Eventually, we may see component manufacturers that don’t build rockets but that will supply engines and other parts for vehicle manufacturers Like Jeff Bezos is planning to do with the BE-4 and ULA? Thats what AMC did when they found it was cheaper to buy engines and other parts from another manufacturer than build them themselves.
Unfortunately for AMC, they found out too late that loss of control of their supply lines was a slow motion disaster that put them at the mercy of hostile competitors.
I once tried to find a rear axle for my 67 Rambler Rebel (great car for a new driver). A direct replacement had to come out of another AMC built in the first half of the year, powered by a 6 cylinder without power steering or air conditioning. Air conditioning? What does air conditioning have to do with a rear axle? Sad to see it go, my VW beetle parts were interchange across about 20 years. I want a spaceship built to be repairable with a screwdriver and vice grips.
PeterF wrote: “Unfortunately for AMC, they found out too late that loss of control of their supply lines was a slow motion disaster that put them at the mercy of hostile competitors.”
I believe that is why SpaceX is “vertically integrated,” the business phrase meaning that the company itself makes most of its own parts, especially the important parts, such as engines. (Vertical integration in the space world means that the payload is mated to the rocket while the rocket is vertical, an example being the Saturn V.)
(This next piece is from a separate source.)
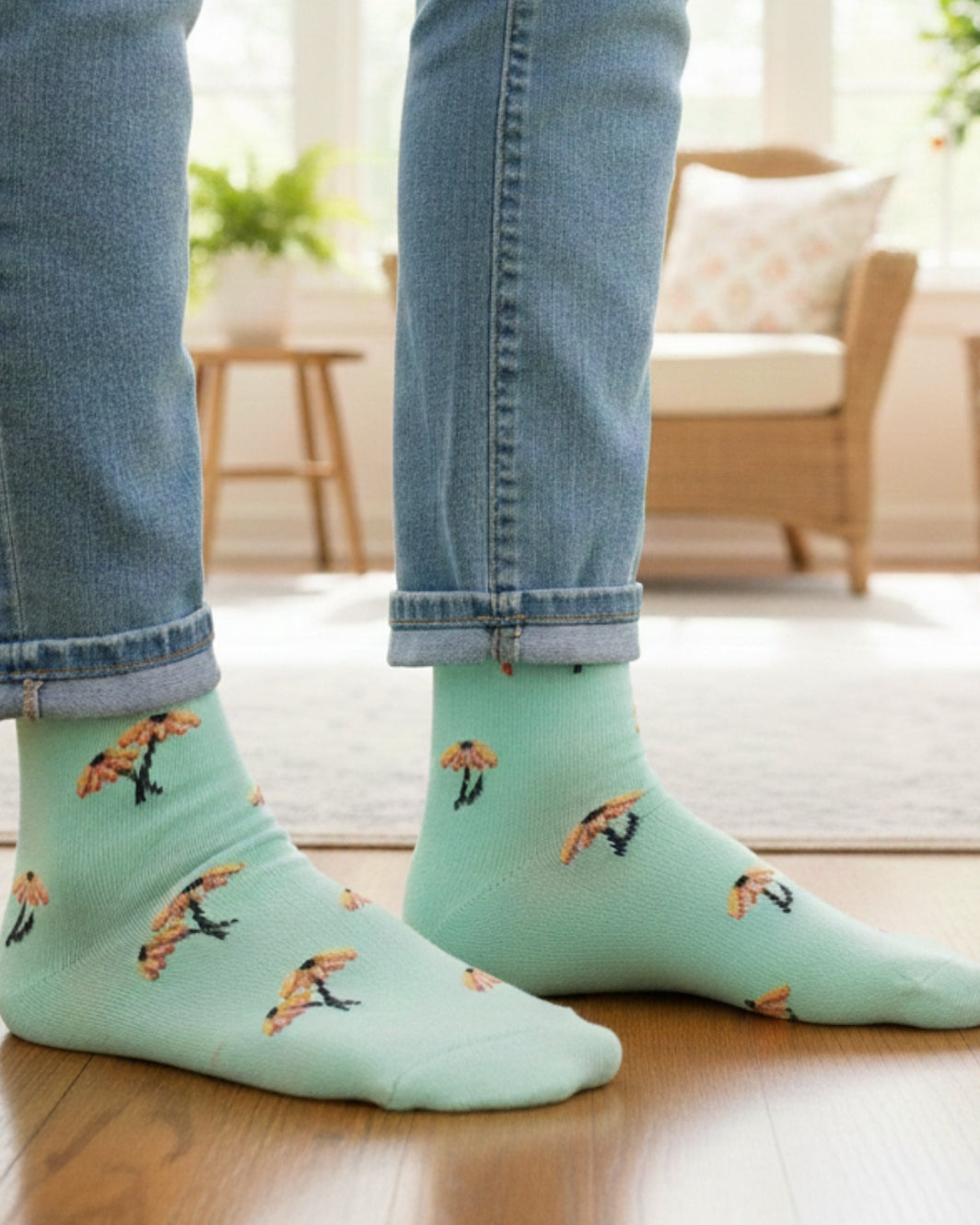 Women's Mini Black Eyed Susan Mismatched Crew Socks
SpaceX chose to buy some of its minor parts from outside vendors, because who could screw up the manufacture of a strut?
PeterF wrote: “I want a spaceship built to be repairable with a screwdriver and vice grips.”
But take along some duct tape; that stuff does better and can be applied faster than chewing gum and bailing wire.
One of my early on the job lessons as an engineer was “design for assembleability” followed directly by “design for repairability” because whatever you were designing, it was going to have to be taken apart and put back together.